The two parts of the ring airfoil projectile 12 can be seen in FIG. 2. The two parts are the forward or leading portion 20 and the aft or trailing portion 22.

The leading portion 20 and the trailing portion 22 are shown attached to each other by a screw thread 24. However the connection can be snap fit without the use of screw threads or the two parts can be cemented together with an adhesive.

The two parts, the leading portion 20 and the trailing portion 22 are made of molded rubber. However, it is to be understood that the two parts may be made of any suitable rubber-like material. The use of such other rubber-like material for these two parts is within the scope and intent of this invention.

The screw thread 24 on the leading portion 20 is an external or male thread, and the screw thread 24 on the trailing portion 22 is an internal or female thread.

A plurality of payload cavities 32 are contained in the leading portion 20. These cavities 32 are established and separated from each other by a plurality of partitions 26. Said partitions 26 extend from the interior section of the body of the leading portion 20 to the periphery of the exterior circumferential surface thereof.
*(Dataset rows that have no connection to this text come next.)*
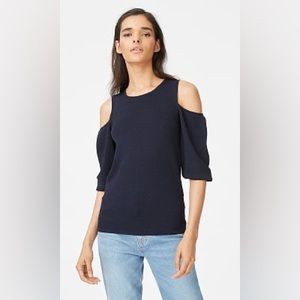 club monaco gracella cold shoulder sweater / size small / navy blue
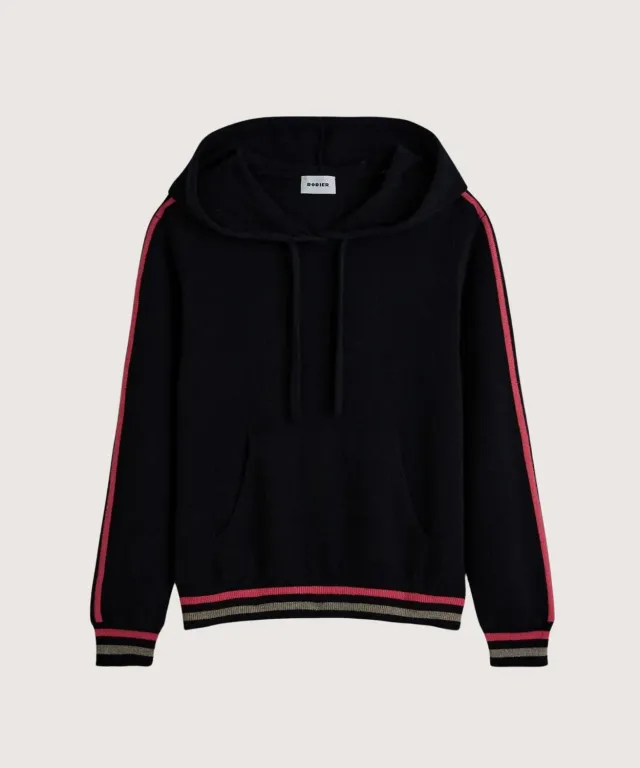 Rodier Maglione con Cappuccio in Cashmere Nero 100%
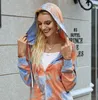 Kobiety Cardigans Płaszcze Kobiet Tir Barwione Outwere Długie Rękaw Pajaciki z Hoodels Moda Ladys Casual Loose Coat Bluzka Kobieta Odzież Lsk8884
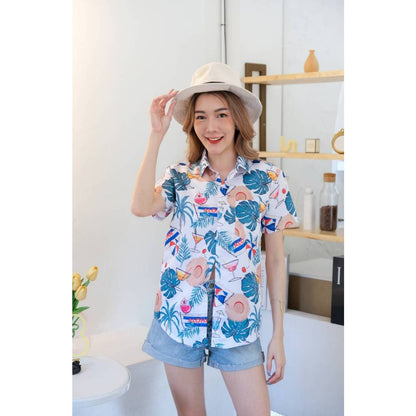 เสื้อเชิ้ตลายดอกทรงวัยรุ่นเสื้อฮาวายลายใหม่2023 หญิงชายใส่ได้ ผ้าดีใส่สบาย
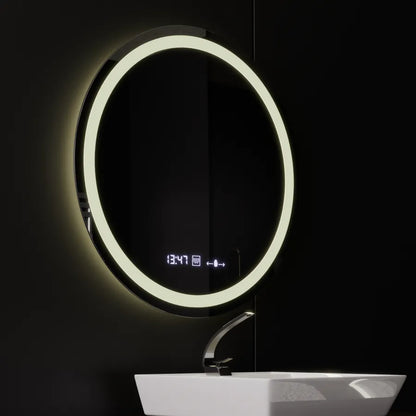 Specchio rotondo a LED, diametro 50 cm, Celeste MotionGlow Marcello, sistema antiappannamento, orologio e termometro, dimmerabile, luce calda neutra fredda 3000K/4000K/6000K Marcello Mirrors Titolo predefinito Alessandro Design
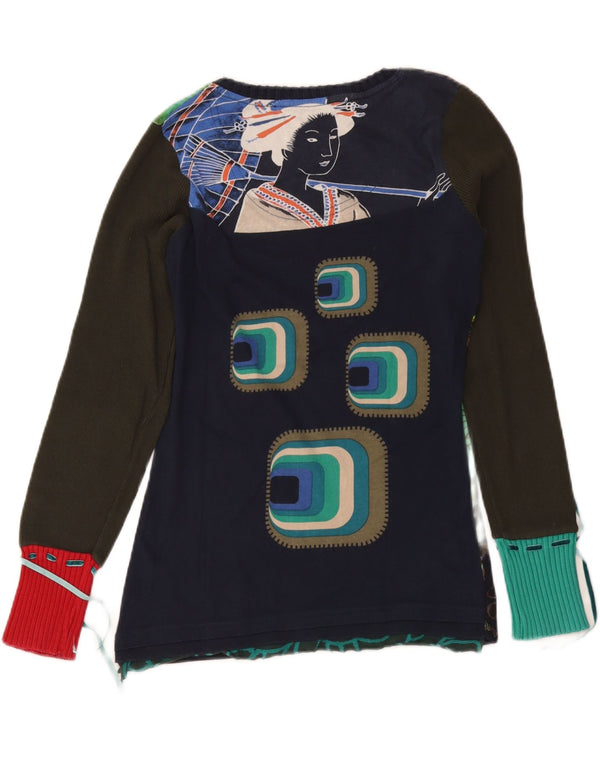 Desigual Donna Graphic Top Manica Lunga UK 14 Grande Blu Navy Floreale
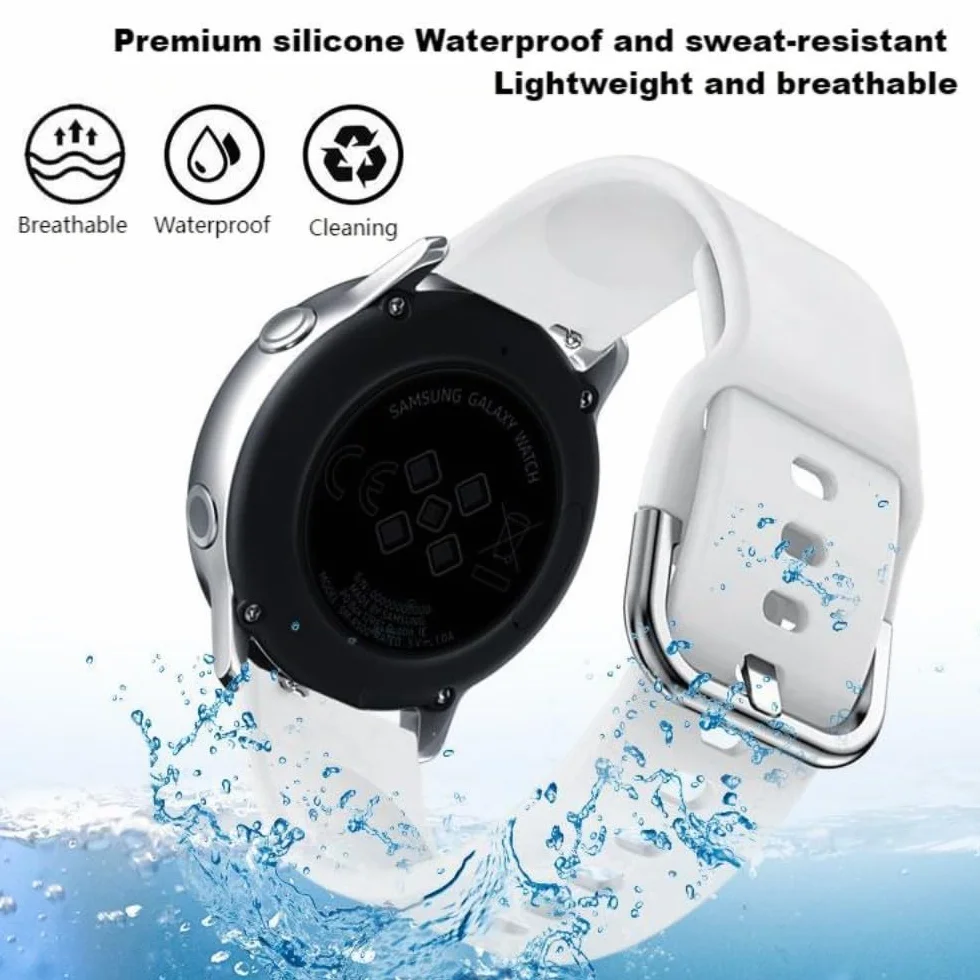 Sportowy pasek 20 mm do zegarka Samsung Galaxy Watch 7 / 6 / 5 / 4 Classic / 3 / FE/5 Pro, silikonowy pasek sportowy, zapasowy pasek do Galaxy Watch Active 2 / Gear S2 Classic / Sport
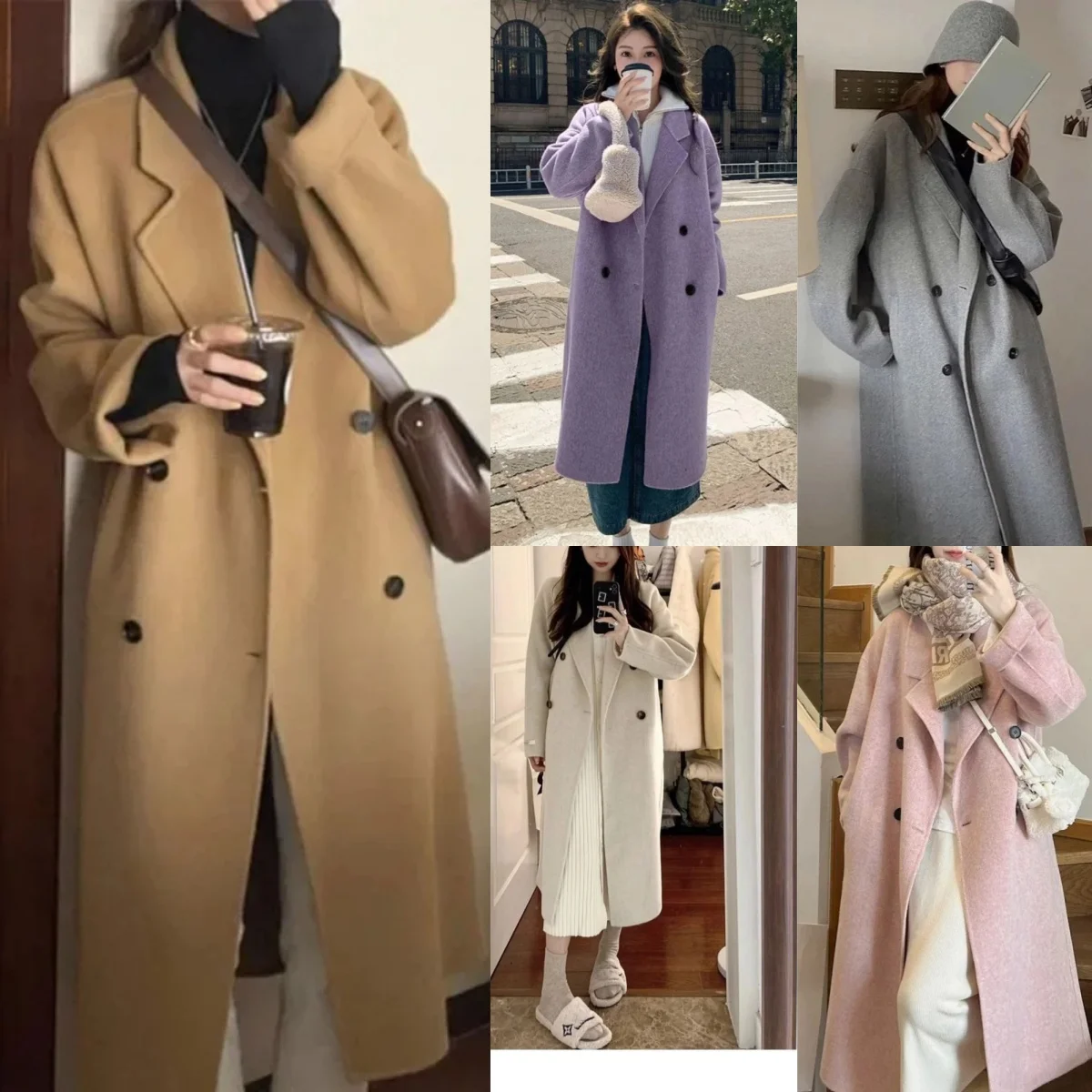 Double-Sided Woolen Goods Medium-Length Women's Overcoat 2024 Autumn Winter New Style Korean-Style Knee-Length Woolen Jacket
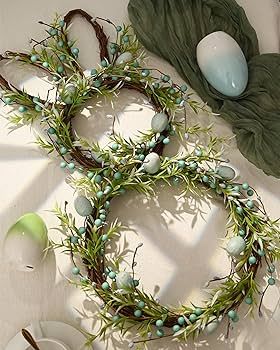 DN DECONATION Easter Bunny Spring Wreath with Egg, Twig and Berries Green Rabbit Easter Wreath fo... | Amazon (US)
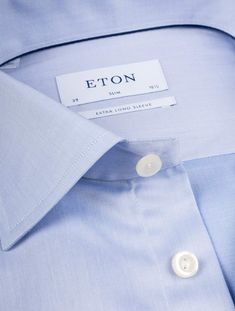 ETON Slim Fit Extra Long Shirt Blue Blue Slim Fit Business Top, Classic Blue Business Tops, Blue Slim Fit Top With Spread Collar, Classic Blue Tops For Business, Formal Light Blue Top With Spread Collar, Light Blue Slim Fit Elegant Tops, Elegant Light Blue Slim Fit Top, Light Blue Slim Fit Top With Spread Collar, Business Light Blue Tops With Spread Collar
The interior space of the body of the leading portion 20 at the said partitions 26, and extending for the height of said partitions 26 in the other direction, is the annular payload section 40. The total space of the annular payload section 40 being the sum of the volumes of all of the payload cavities 32.

An annular ramp 30, showing within each cavity 32 at the surface of each said cavity 32 nearest the leading edge of said leading portion 20, is located at the periphery of the exterior circumferential surface thereof. Said annular ramp 30 provides a large area at the said exterior circumferential surface, of said leading portion 20, to which a very thin aluminum foil covering 34 is bonded on the leading portion 20.

It is to be understood that the use of metal-like or other materials other than aluminum foil for the covering 34 is within the scope and intent of this invention.

A paper breakband 36 is wrapped around the leading portion 20 over the top of aluminum foil covering 34 and bonded to the aluminum foil covering 34 and to the adjacent surface areas of the leading portion 20.

A circular rubber gasket cover 28 shaped to cover all said cavities 32, is bonded to the leading portion 20 and to the inside surface of the aluminum foil covering 34 as the final closure and seal of the payload section 40. Said final closure covers and seals all of the said payload cavities 32.

The rubber gasket cover 28 may be secured to the payload section 40 either before or after filling the payload cavities 32, depending on the method of filling the cavities 32. However, because of problems, as hereinbefore stated, this invention provides for a structure which permits the filling of the payload cavities 32 with the payload material by a hypodermic needle after the structure of the leading portion 20 is completely assembled. This novel and unique method is the preferred embodiment.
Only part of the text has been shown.